Some time ago, a woman who said she was a Christian came to see me about her severe depression. Her schedule was filled with things which in themselves weren’t wrong—classes, exercise, etc.—but which gave her no time for Christ. She was too busy. Between the internet, TV, your sports, work, classes, family, etc. is there really time for pressing on, for making strides in your Christian life, for doing the kinds of things you know the Lord would have you do? What vision do you have for what the Lord can do in your community? In the lives of your friends? Your children? Other children? Are you distracted and weighed down?
From time to time, God’s people become exhausted by their own sin. Sin makes the Christian life weary; it takes our eyes off the goal. Sins, like the desire for worldly security, wealth, and power hinder us. World-centered pleasures—whether sex, stripped of its holy meaning, or drugs, used to acquire chemically what we can’t get righteously (joy, peace, increased sensitivity)—make us weary.
God wants us to leave these behind and run. He wants us to stretch our spiritual legs and run for His glory as one people who will receive the award. s indefinite in time as our lives might be, the goal compensates for everything.
We are to fix our spiritual eyes on Jesus. He is our goal. He called forth our faith in the beginning, and He will perfect it in the end. Remove Jesus from Christianity, and you have no goal. With no goal, there is no race.

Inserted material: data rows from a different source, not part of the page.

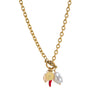 Stainless Steel Geometric Sweet Style Electroplated Clavicle Necklace For Women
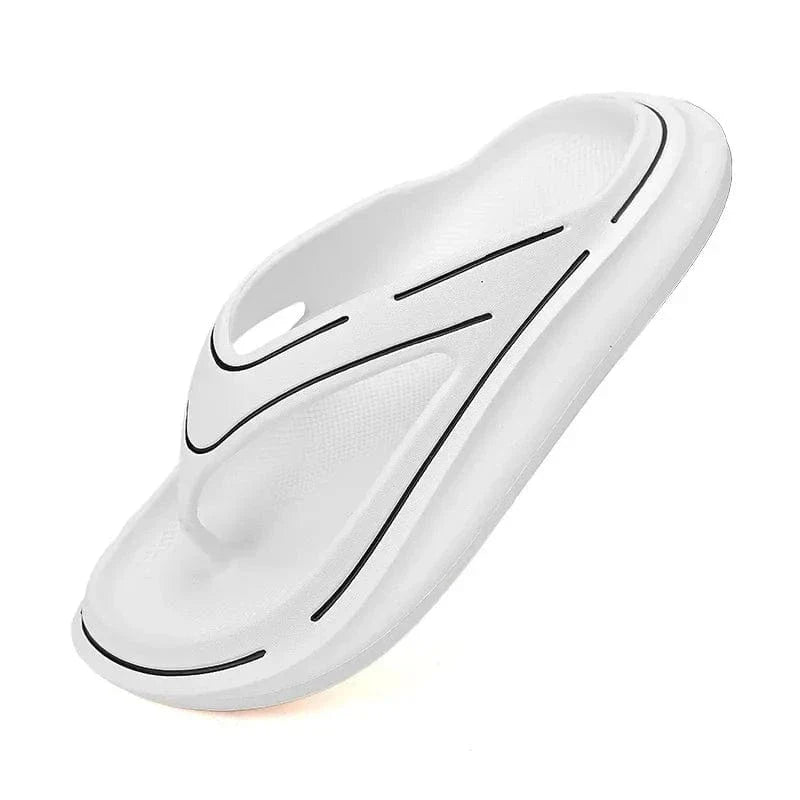 Claquettes de Plage à Semelles Orthopédique pour Hommes et Femmes - Blanc / 44/45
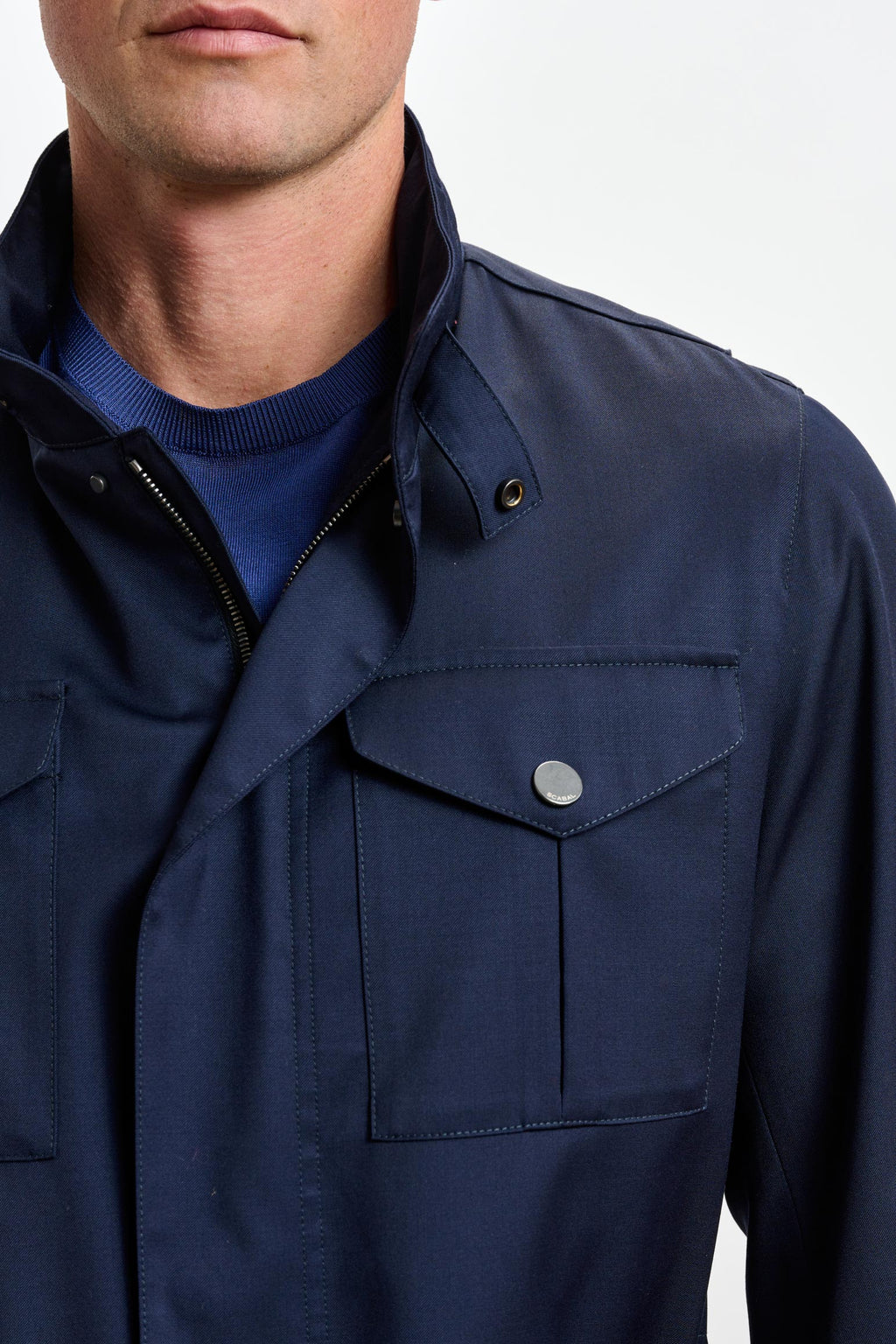 Navy Dartmoor Tech Field Jacket — detail 2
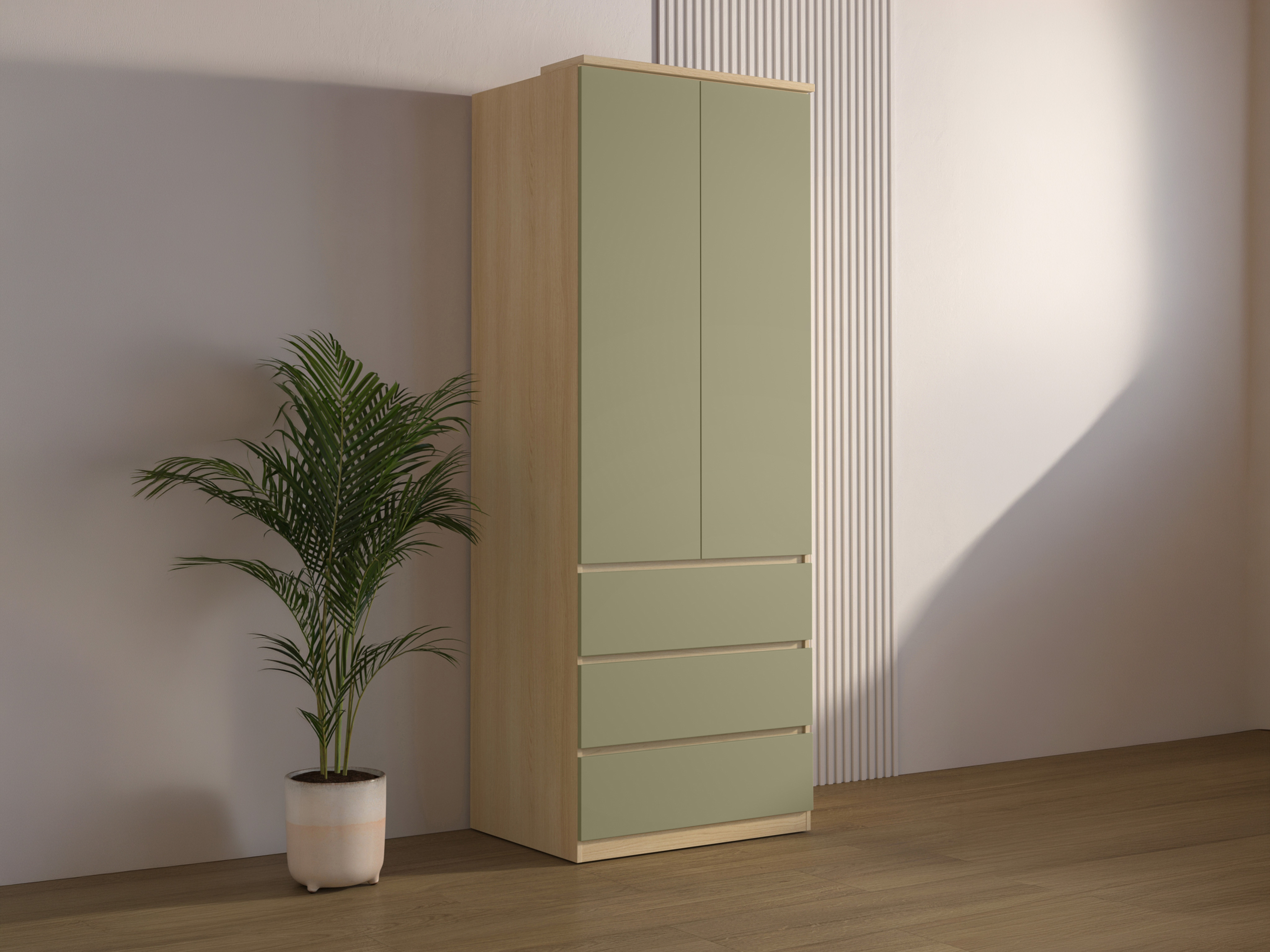 Garderobeskab Nolcala 110 (Egetræ + Eukalyptus)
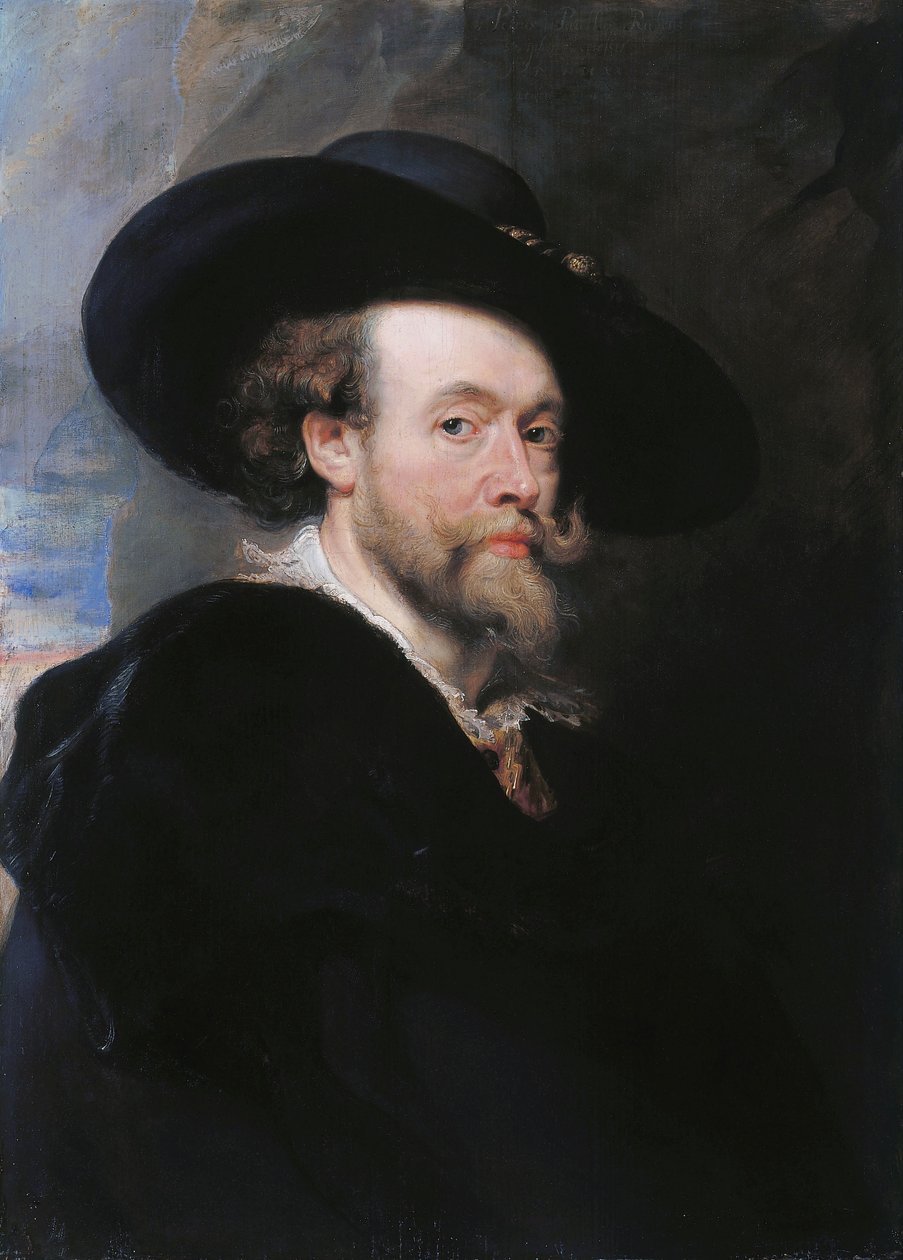 Retrato del artista de Peter Paul Rubens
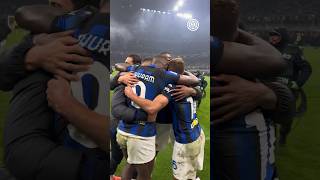 The moment we won the second star ⭐⭐🖤💙?? #IMInter #Shorts
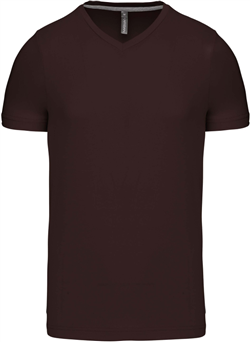 Kariban Heren T-shirt 
<br />V-hals - Korte mouw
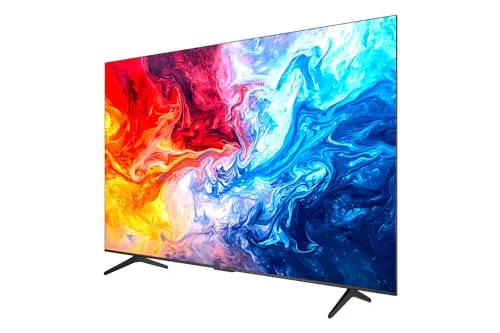 TCL 165 cm (65 inches) 4K Ultra HD Smart QLED Google TV 65P71B Pro (Black)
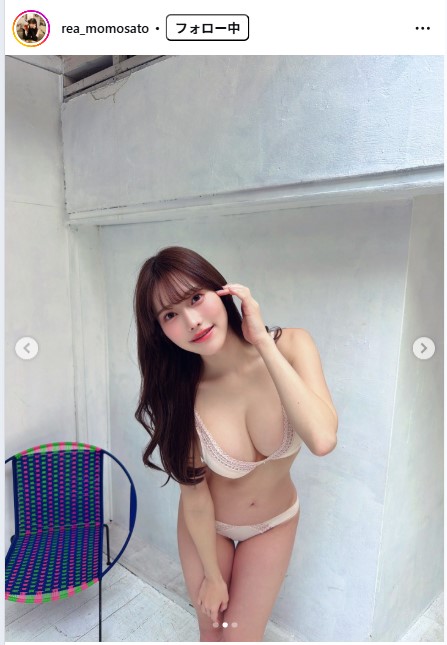 桃里れあのインスタグラムから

I have a personal Goal who loves me. He endured the Cross, scorning its shame, in order to be at the end of the race waiting for me. He is seated at the right hand of the throne of God, which is home. Living in the world and according to the world—trying to hold onto time, trying to wring pleasure out of something which time will destroy—is like trying to hold water in a sieve. The end of such a life is a tragic end. But at the end of my life as a Christian is the One who died to put me in the race, who gives me strength to run the race, and who counted the joy of pleasing the Father by redeeming me as a joy worth His awful death.